* [Available data]
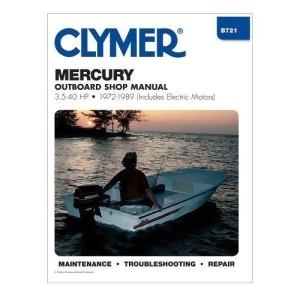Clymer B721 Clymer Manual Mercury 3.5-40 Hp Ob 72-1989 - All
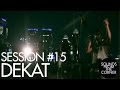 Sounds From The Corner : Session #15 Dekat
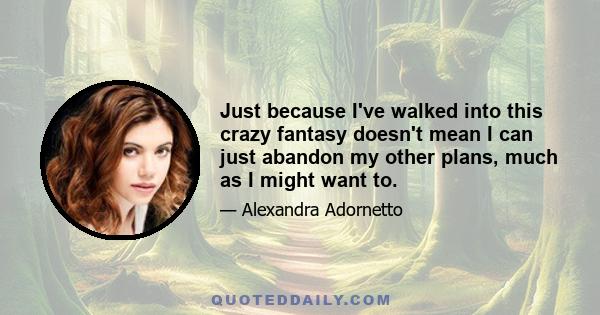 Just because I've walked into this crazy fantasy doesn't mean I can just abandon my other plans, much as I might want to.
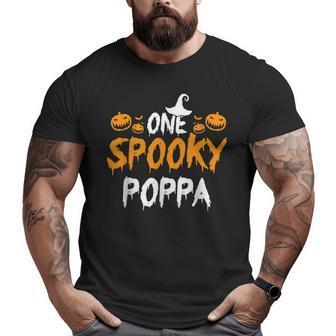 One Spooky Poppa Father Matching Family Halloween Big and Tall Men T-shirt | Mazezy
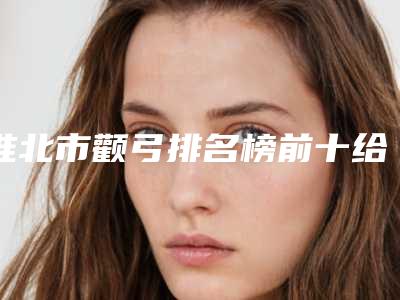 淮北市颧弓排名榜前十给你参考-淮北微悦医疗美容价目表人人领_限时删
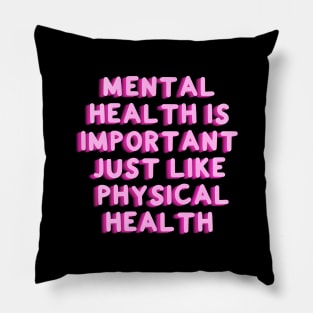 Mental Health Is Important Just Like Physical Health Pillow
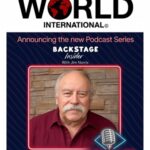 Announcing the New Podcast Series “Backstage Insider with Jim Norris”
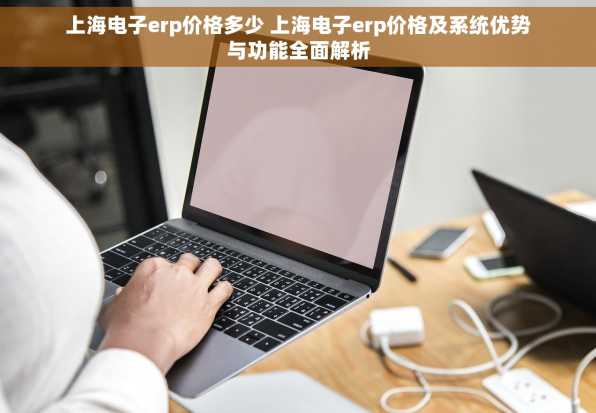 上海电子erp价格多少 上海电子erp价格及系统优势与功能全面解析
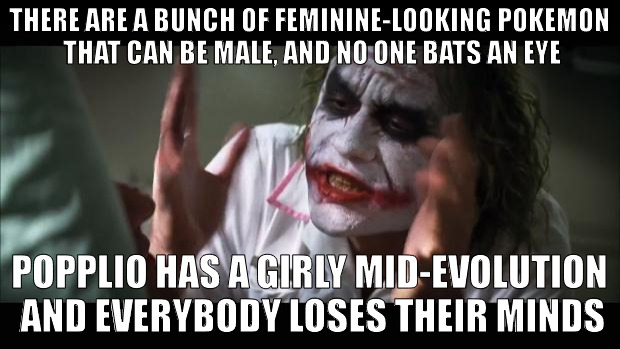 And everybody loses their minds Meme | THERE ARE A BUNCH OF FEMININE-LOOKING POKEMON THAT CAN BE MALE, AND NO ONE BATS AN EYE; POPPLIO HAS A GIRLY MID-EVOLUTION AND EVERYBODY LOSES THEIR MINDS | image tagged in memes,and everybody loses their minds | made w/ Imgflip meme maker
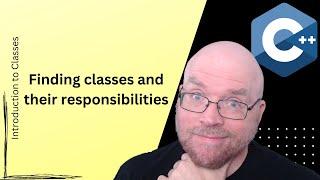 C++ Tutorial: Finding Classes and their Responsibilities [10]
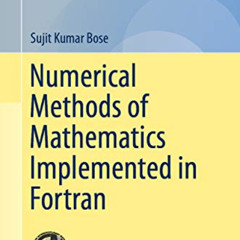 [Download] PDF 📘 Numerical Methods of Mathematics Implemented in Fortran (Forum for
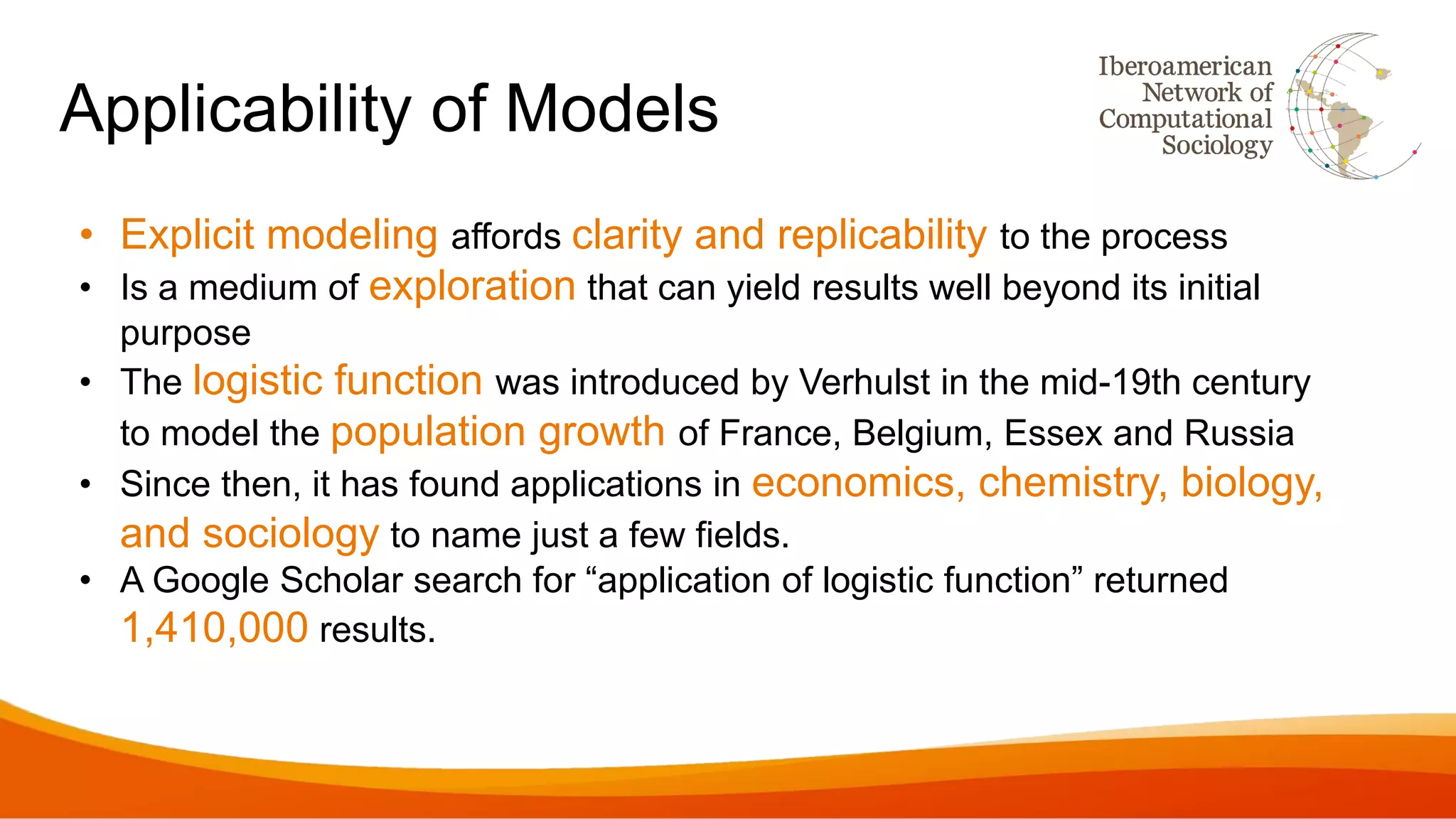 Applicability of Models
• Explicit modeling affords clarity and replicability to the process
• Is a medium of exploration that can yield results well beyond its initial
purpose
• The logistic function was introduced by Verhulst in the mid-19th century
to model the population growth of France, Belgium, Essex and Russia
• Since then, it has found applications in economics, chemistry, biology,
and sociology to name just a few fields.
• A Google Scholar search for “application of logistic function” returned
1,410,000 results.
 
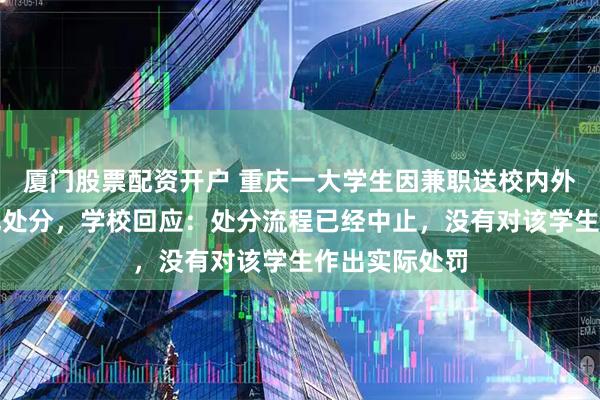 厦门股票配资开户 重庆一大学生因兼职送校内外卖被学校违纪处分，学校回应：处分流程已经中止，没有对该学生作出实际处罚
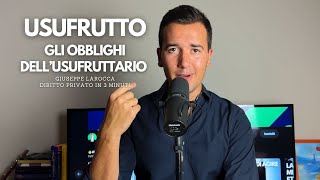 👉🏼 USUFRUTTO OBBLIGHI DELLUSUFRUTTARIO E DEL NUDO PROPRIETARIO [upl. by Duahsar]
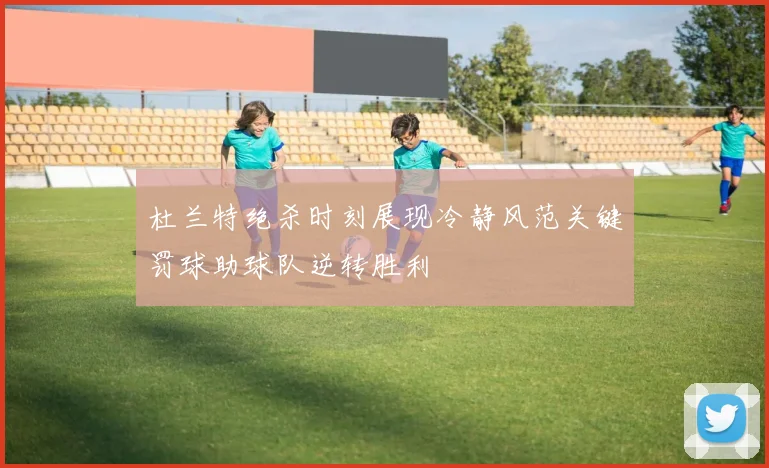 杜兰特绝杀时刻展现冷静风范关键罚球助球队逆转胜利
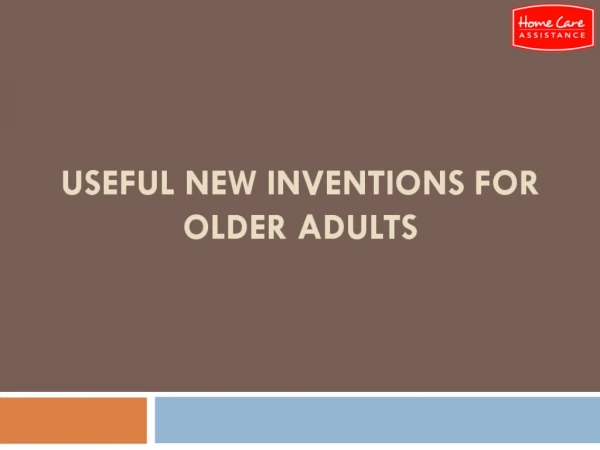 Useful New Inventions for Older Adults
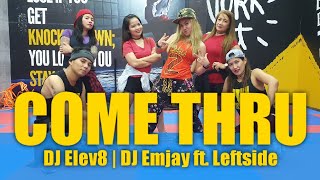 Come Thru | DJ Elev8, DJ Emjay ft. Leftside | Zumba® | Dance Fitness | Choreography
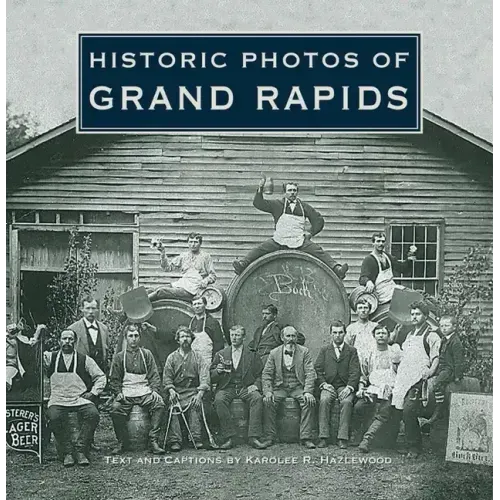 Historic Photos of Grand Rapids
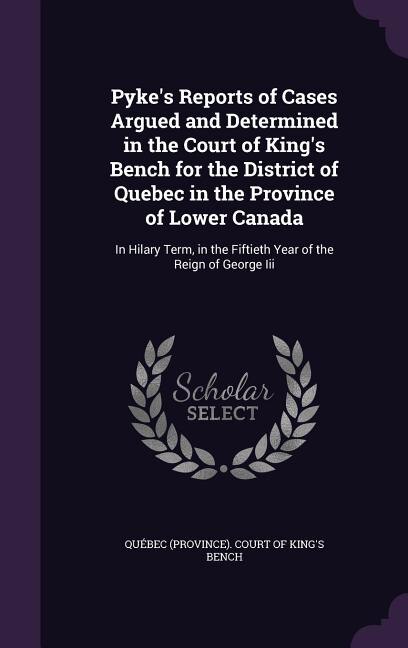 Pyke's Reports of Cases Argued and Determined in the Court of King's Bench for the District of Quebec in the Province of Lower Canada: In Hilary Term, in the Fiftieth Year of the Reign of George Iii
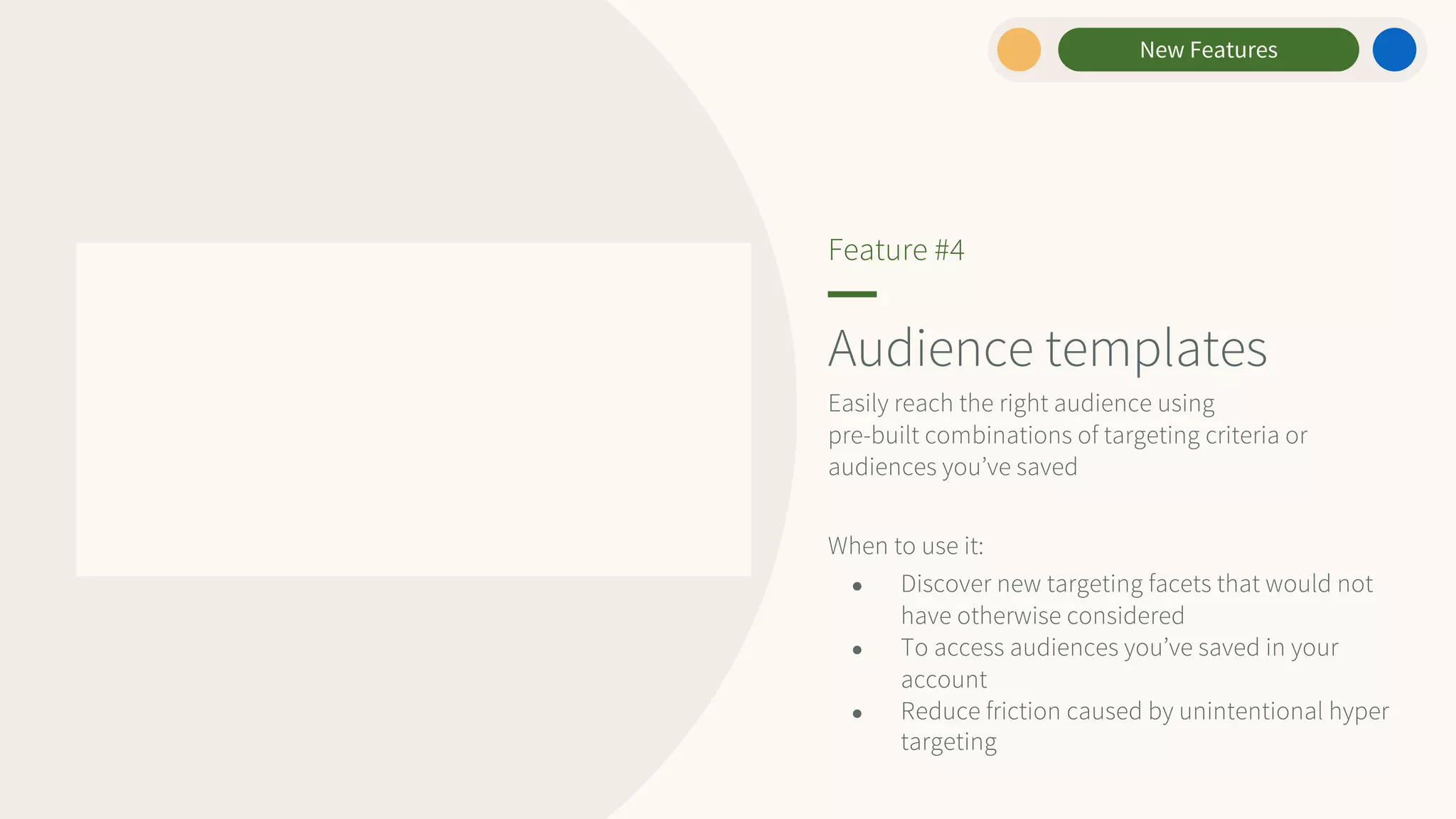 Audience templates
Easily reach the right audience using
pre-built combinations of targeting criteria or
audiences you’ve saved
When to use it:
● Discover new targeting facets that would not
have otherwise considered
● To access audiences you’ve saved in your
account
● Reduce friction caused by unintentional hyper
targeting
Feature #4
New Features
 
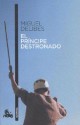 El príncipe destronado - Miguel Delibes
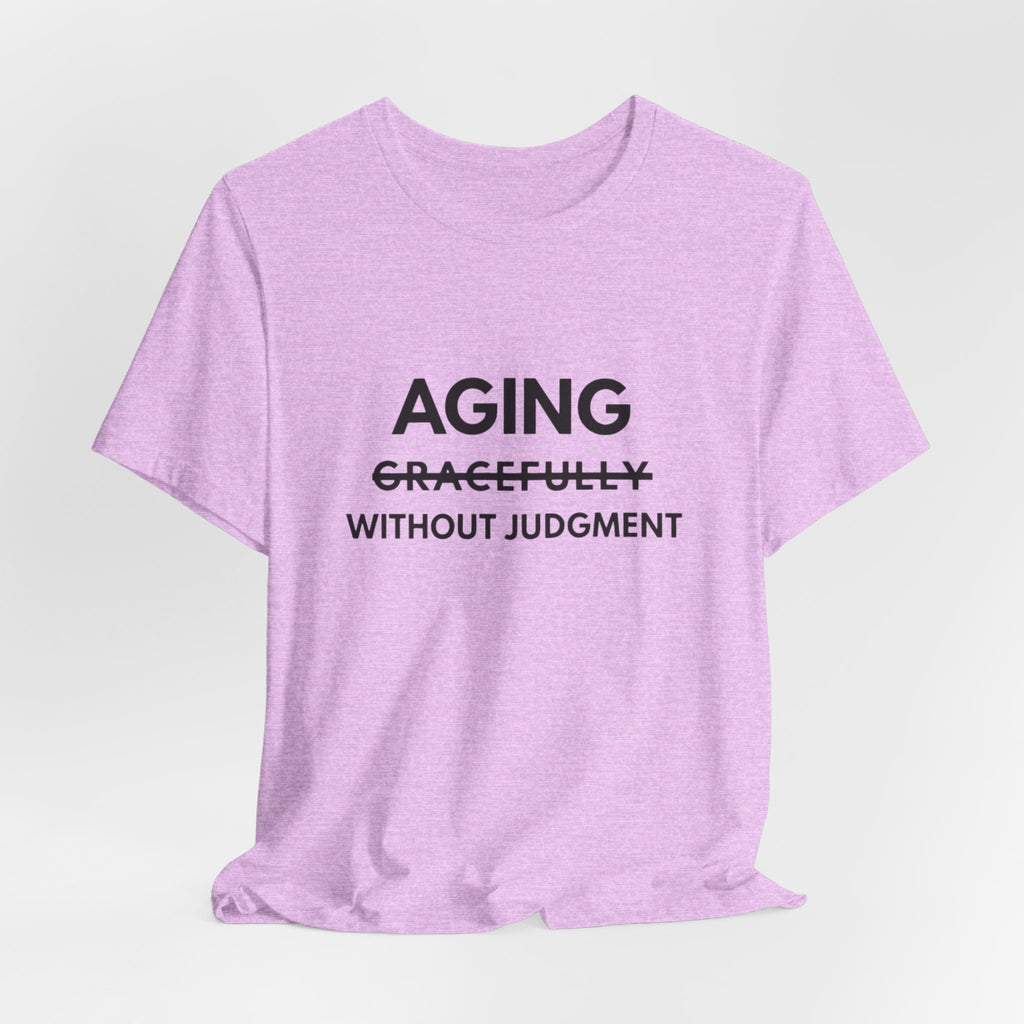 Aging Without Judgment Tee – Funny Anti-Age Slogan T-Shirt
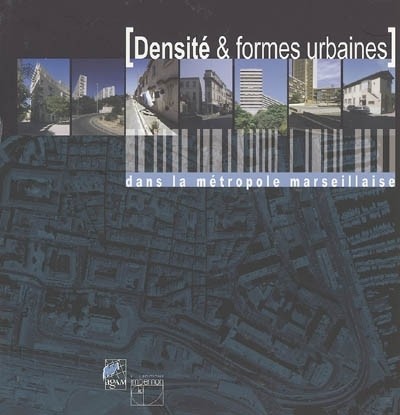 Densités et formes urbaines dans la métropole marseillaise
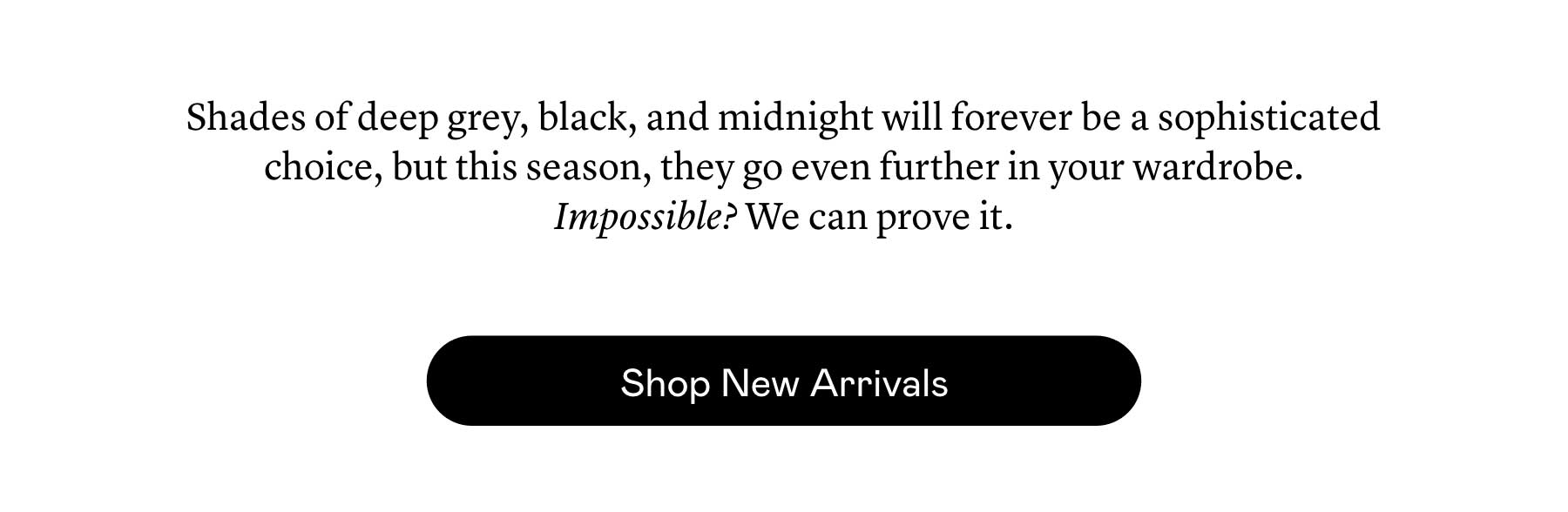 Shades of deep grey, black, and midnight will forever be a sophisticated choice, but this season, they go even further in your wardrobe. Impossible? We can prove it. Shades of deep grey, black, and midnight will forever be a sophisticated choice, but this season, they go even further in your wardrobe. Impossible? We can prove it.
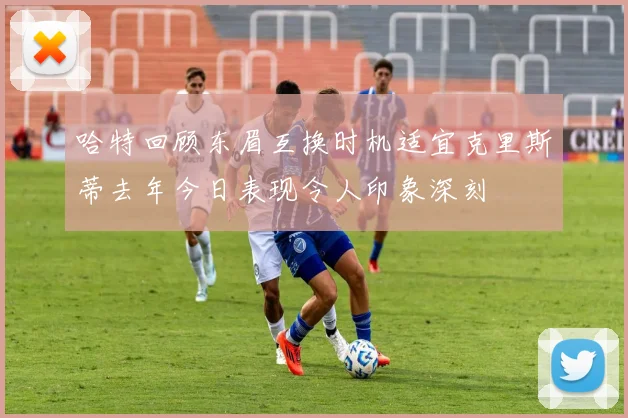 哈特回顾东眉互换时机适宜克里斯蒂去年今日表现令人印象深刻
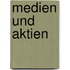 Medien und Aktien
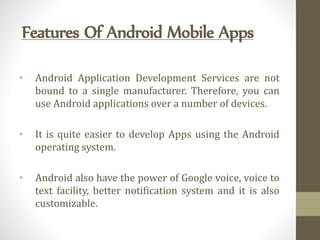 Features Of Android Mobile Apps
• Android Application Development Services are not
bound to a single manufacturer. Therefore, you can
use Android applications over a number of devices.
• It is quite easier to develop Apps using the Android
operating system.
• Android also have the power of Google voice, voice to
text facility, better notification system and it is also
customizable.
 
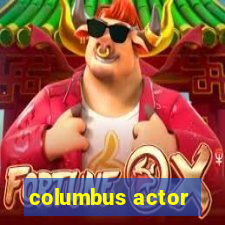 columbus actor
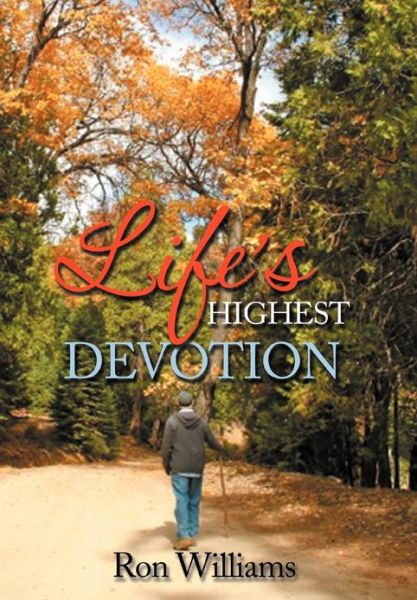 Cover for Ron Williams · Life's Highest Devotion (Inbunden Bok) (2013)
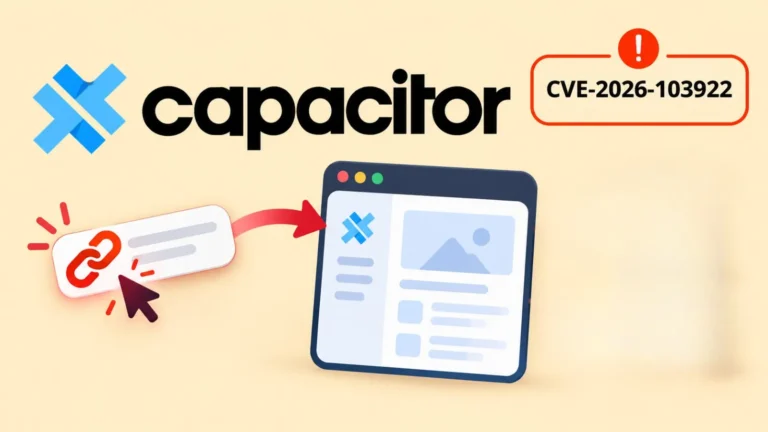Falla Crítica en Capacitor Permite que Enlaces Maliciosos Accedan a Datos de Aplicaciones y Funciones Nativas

* [What you have to do] Copy only this from above: the line containing "Since then, it", the line containing "Densités et formes", and all lines between, printed exactly. Leave out the pictures.

* [Exercise solution]
• Since then, it has found applications in economics, chemistry, biology,
and sociology to name just a few fields.
• A Google Scholar search for “application of logistic function” returned
1,410,000 results.
 
 厦门股票配资开户 重庆一大学生因兼职送校内外卖被学校违纪处分，学校回应：处分流程已经中止，没有对该学生作出实际处罚
 👉🏼 USUFRUTTO OBBLIGHI DELLUSUFRUTTARIO E DEL NUDO PROPRIETARIO [upl. by Duahsar]
 杜兰特绝杀时刻展现冷静风范关键罚球助球队逆转胜利
 Useful New Inventions for Older Adults
 Come Thru | DJ Elev8, DJ Emjay ft. Leftside | Zumba® | Dance Fitness | Choreography
 Historic Photos of Grand Rapids
 Pyke's Reports of Cases Argued and Determined in the Court of King's Bench for the District of Quebec in the Province of Lower Canada: In Hilary Term, in the Fiftieth Year of the Reign of George Iii
 Audience templates
Easily reach the right audience using
pre-built combinations of targeting criteria or
audiences you’ve saved
When to use it:
● Discover new targeting facets that would not
have otherwise considered
● To access audiences you’ve saved in your
account
● Reduce friction caused by unintentional hyper
targeting
Feature #4
New Features
 
 El príncipe destronado - Miguel Delibes
 Aging Without Judgment Tee – Funny Anti-Age Slogan T-Shirt
 Densités et formes urbaines dans la métropole marseillaise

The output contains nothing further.